If you version of xargs supports the -d flag then this should work
ls | xargs -d, -L 1 echo
-d is the delimiter flag
If you do not have -d, then you can try the following
ls | xargs -I {} echo {}, | xargs echo
The first xargs allows you to specify your delimiter which is a comma in this example.
ls produces one column output when connected to a pipe, so the -1 is redundant.
Here's another perl answer using the builtin join function which doesn't leave a trailing delimiter:
ls | perl -F'\n' -0777 -anE 'say join ",", #F'
The obscure -0777 makes perl read all the input before running the program.
sed alternative that doesn't leave a trailing delimiter
ls | sed '$!s/$/,/' | tr -d '\n'
Python answer above is interesting, but the own language can even make the output nice:
ls -1 | python -c "import sys; print(sys.stdin.read().splitlines())"
You can use:
ls -1 | perl -pe 's/\n$/some_delimiter/'
If Python3 is your cup of tea, you can do this (but please explain why you would?):
ls -1 | python -c "import sys; print(','.join(sys.stdin.read().splitlines()))"
ls has the option -m to delimit the output with ", " a comma and a space.
ls -m | tr -d ' ' | tr ',' ';'
piping this result to tr to remove either the space or the comma will allow you to pipe the result again to tr to replace the delimiter.
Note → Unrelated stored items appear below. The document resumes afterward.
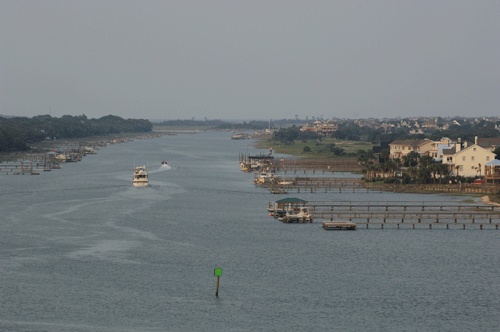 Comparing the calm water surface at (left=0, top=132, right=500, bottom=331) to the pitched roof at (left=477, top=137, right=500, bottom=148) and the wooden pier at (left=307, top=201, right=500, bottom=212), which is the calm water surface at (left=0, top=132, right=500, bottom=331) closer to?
the wooden pier at (left=307, top=201, right=500, bottom=212)

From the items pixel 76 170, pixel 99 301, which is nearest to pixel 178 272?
pixel 99 301

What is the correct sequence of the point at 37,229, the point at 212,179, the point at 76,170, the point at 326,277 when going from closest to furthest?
the point at 326,277 → the point at 37,229 → the point at 212,179 → the point at 76,170

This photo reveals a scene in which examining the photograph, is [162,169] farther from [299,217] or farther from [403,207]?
[299,217]

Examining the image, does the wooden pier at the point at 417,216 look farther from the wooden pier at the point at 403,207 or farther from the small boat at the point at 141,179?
the small boat at the point at 141,179

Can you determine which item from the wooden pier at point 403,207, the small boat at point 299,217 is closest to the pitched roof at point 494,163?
the wooden pier at point 403,207

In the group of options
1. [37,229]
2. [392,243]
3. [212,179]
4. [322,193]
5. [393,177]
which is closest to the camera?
[392,243]

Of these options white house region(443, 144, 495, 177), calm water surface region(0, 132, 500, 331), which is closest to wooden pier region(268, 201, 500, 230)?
calm water surface region(0, 132, 500, 331)

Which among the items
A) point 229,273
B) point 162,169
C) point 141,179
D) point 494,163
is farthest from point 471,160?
point 162,169

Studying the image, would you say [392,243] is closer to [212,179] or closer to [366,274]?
[366,274] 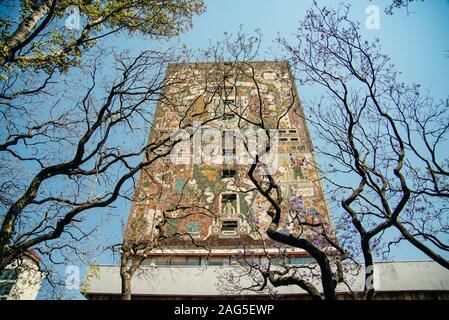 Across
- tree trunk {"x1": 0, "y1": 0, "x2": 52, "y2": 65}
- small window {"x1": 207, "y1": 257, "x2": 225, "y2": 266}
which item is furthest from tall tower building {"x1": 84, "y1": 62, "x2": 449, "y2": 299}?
tree trunk {"x1": 0, "y1": 0, "x2": 52, "y2": 65}

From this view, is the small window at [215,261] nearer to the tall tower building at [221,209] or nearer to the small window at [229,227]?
the tall tower building at [221,209]

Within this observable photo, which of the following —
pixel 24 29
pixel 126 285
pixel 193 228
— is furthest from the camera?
pixel 193 228

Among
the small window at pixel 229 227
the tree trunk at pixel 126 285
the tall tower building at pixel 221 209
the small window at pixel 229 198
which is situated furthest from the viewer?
the small window at pixel 229 198

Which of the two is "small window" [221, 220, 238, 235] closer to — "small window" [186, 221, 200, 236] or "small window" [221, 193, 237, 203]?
"small window" [186, 221, 200, 236]

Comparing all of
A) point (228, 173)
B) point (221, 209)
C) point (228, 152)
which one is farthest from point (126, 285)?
point (228, 152)

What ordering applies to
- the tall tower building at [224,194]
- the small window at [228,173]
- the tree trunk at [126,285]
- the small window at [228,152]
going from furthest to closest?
1. the small window at [228,152]
2. the small window at [228,173]
3. the tall tower building at [224,194]
4. the tree trunk at [126,285]

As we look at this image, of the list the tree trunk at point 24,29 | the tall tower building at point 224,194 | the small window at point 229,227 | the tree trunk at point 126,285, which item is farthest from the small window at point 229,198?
the tree trunk at point 24,29

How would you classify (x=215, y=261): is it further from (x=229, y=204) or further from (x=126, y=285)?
(x=126, y=285)

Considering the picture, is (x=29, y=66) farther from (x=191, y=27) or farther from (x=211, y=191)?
(x=211, y=191)

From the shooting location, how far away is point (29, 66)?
25.2 ft

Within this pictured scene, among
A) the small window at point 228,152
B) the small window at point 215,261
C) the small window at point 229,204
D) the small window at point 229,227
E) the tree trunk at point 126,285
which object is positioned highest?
the small window at point 228,152

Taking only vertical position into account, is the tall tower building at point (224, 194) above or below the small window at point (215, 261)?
above

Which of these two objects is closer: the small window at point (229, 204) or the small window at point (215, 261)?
the small window at point (215, 261) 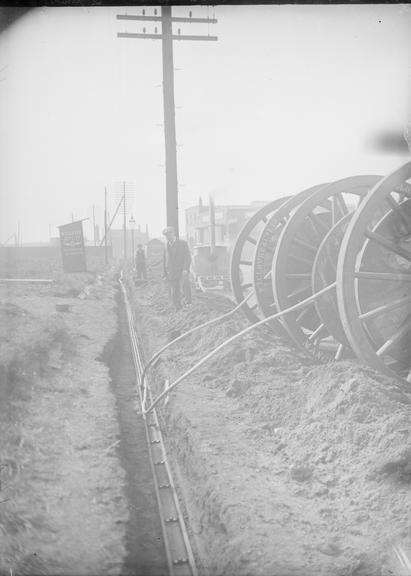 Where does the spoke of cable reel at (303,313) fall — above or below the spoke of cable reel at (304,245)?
below

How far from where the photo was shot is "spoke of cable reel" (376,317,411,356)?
3.51 metres

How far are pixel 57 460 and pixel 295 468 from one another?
1808 mm

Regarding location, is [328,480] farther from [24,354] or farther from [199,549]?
[24,354]

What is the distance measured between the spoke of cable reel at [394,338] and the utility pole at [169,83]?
2.98m

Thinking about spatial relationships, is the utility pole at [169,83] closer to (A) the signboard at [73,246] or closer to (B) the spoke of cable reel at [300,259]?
(B) the spoke of cable reel at [300,259]

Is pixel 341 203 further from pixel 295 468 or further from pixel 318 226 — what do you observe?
pixel 295 468

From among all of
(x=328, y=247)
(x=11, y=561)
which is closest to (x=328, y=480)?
(x=11, y=561)

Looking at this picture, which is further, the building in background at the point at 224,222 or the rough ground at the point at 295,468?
the building in background at the point at 224,222

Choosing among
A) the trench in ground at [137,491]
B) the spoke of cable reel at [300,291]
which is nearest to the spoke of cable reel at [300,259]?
the spoke of cable reel at [300,291]

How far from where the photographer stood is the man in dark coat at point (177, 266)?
6.50m

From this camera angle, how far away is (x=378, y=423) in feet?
10.3

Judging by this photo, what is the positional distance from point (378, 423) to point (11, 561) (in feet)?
8.18

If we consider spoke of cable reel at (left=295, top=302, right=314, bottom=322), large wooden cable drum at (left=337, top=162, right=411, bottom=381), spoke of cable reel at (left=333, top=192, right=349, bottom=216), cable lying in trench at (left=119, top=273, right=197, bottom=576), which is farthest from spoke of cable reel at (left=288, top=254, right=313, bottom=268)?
cable lying in trench at (left=119, top=273, right=197, bottom=576)

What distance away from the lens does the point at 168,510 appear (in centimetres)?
309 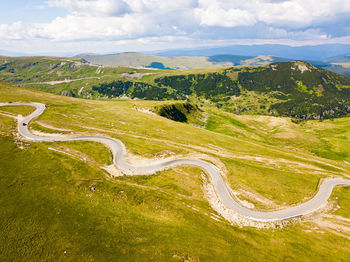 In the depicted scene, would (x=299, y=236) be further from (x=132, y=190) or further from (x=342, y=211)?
(x=132, y=190)

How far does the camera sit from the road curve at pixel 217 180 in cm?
5028

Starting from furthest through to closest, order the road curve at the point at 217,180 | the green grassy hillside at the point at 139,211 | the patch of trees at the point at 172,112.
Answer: the patch of trees at the point at 172,112, the road curve at the point at 217,180, the green grassy hillside at the point at 139,211

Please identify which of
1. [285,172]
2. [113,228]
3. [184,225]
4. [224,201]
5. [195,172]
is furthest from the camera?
[285,172]

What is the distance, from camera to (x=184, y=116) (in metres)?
199

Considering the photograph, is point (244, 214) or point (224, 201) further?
point (224, 201)

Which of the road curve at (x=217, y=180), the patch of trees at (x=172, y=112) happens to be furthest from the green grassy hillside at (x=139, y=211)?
the patch of trees at (x=172, y=112)

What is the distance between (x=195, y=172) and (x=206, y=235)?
24.5m

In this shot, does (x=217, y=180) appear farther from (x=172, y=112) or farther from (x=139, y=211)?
(x=172, y=112)

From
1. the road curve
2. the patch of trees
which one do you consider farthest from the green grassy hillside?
the patch of trees

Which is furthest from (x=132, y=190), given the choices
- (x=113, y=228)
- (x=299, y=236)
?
(x=299, y=236)

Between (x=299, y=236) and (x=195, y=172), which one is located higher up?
(x=195, y=172)

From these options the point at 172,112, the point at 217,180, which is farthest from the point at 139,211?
the point at 172,112

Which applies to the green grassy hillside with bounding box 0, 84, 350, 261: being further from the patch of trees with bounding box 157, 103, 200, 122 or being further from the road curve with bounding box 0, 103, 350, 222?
the patch of trees with bounding box 157, 103, 200, 122

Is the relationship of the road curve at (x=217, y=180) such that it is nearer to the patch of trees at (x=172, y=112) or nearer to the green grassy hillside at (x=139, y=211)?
the green grassy hillside at (x=139, y=211) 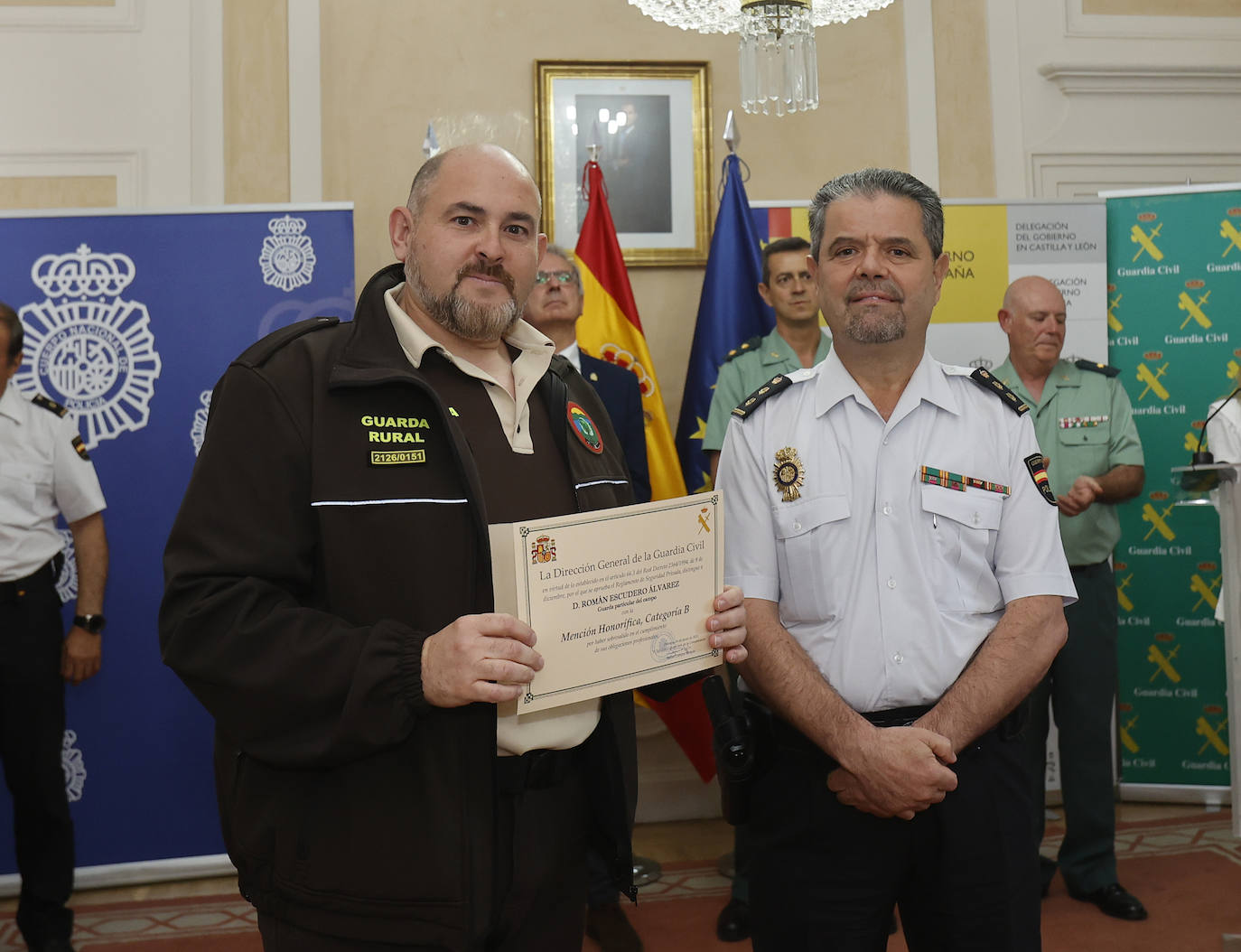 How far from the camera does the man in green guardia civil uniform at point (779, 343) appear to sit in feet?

in my example i replace the delimiter , with the delimiter ;
replace ; with whatever one character delimiter you prefer since tr only accounts for the first character in the strings you pass in as arguments.
You can use chomp to merge multiple line in single line:
perl -e 'while (<>) { if (/\$/ ) { chomp; } print ;}' bad0 >test
put line break condition in if statement.It can be special character or any delimiter.
Quick Perl version with trailing slash handling:
ls -1 | perl -E 'say join ", ", map {chomp; $_} <>'
To explain:
perl -E: execute Perl with features supports (say, ...)
say: print with a carrier return
join ", ", ARRAY_HERE: join an array with ", "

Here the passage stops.